Perhaps being dealt with in this manner could in fact stop the youth of today ‘doing as they please’ for they know that punishment will ensue. Too many of our younger generation believe they have a right to commit a crime, or hurt others and why, because they weren’t given any form of discipline when they were growing up. I didn’t get punished for being bad then – I won’t now. Some may use the excuse that they were born that way or that they grew up in an abusive relationship – there is a BIG difference between ABUSE and a smack on the bum people! It has just been given the same LABEL.
The naughty corner could be used, silence as your child stands staring into a corner for every 1 minute of their age, if this works for you I am pleased.
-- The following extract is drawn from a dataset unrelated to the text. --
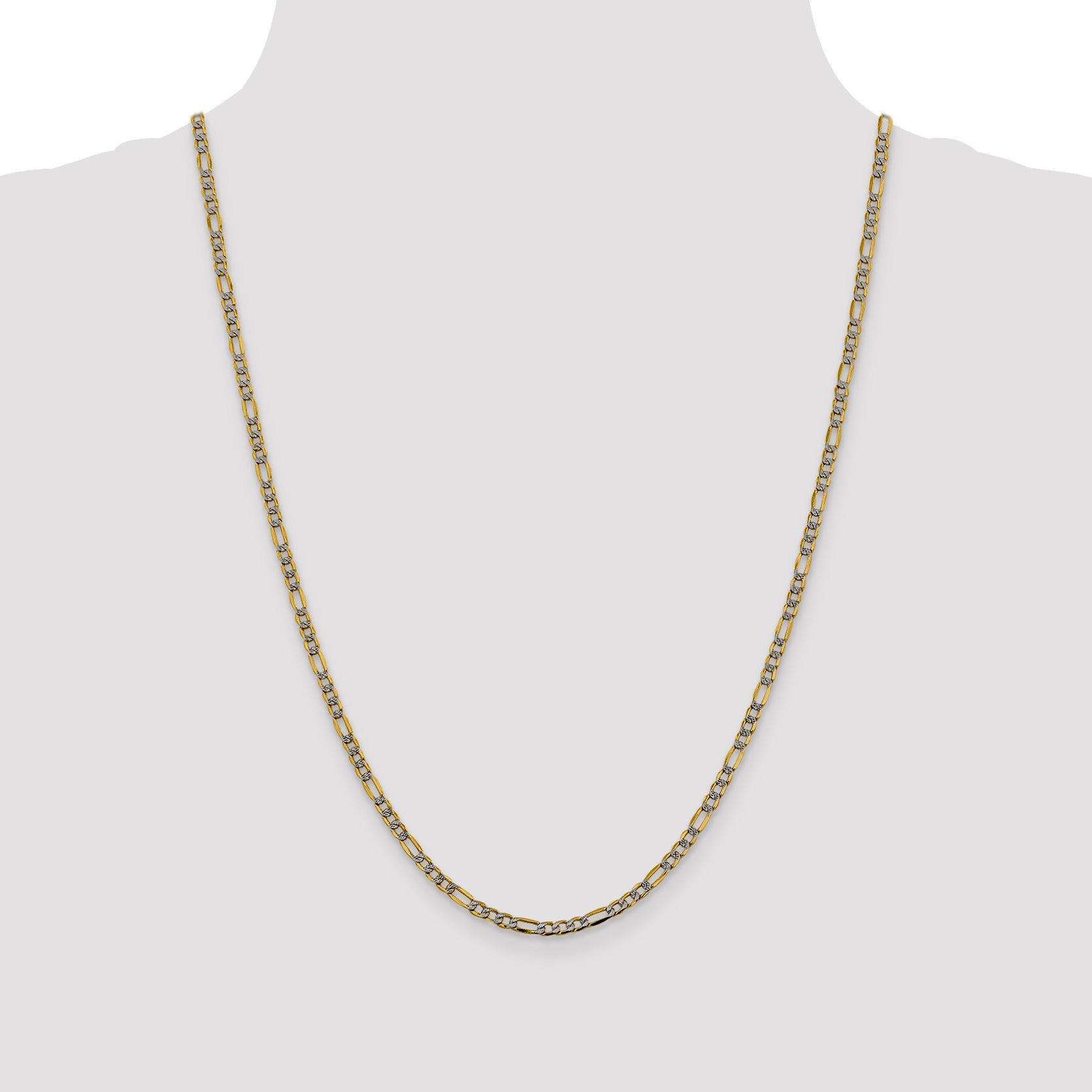 14k 3.2mm Semi-solid with Rhodium PavÃ© Figaro Chain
However I have seen little ones put through this (Mr. S’s grandchildren) they come out and apologise and within 5 minutes they are back acting out in the same way.
So wouldn’t a smack on the bum, that causes an ‘ouch’ remain with them longer (and by that I do not mean mentally scarred for life, but purely the ouch factor)? Showing them that for every wrong action there is a consequence and that consequence is not pleasant? Or is it better to let them ‘perform’ because they are only ‘little’ and as they grow they will learn right from wrong? So when does that happen, at what age?
Perhaps I am ‘old school’ with all the literature written and new age ideas that have come to the fore since I raised my girls the way of handling situations has seemingly changed, because hell knows, no children were born or raised prior to these new findings!!
I for one, gave both my girls a smack when required, I certainly experinced them. Have I turned out any worse for it? NO I don’t think I have. I do not have nightmares, or suffer any mental illness for being reprimanded for playing up. I certainly did not look to a life of crime because I thought I wouldn’t be punished and therefore could do as I pleased. Seriously folks, let us not get so tied up with others preaching/dictating how we should raise our children!
I learnt lessons as I was growing up and too often in our society this does not happen.
I haven’t done a ‘Rambly’ for some time, it was overdue. Any comments or thoughts – fire away!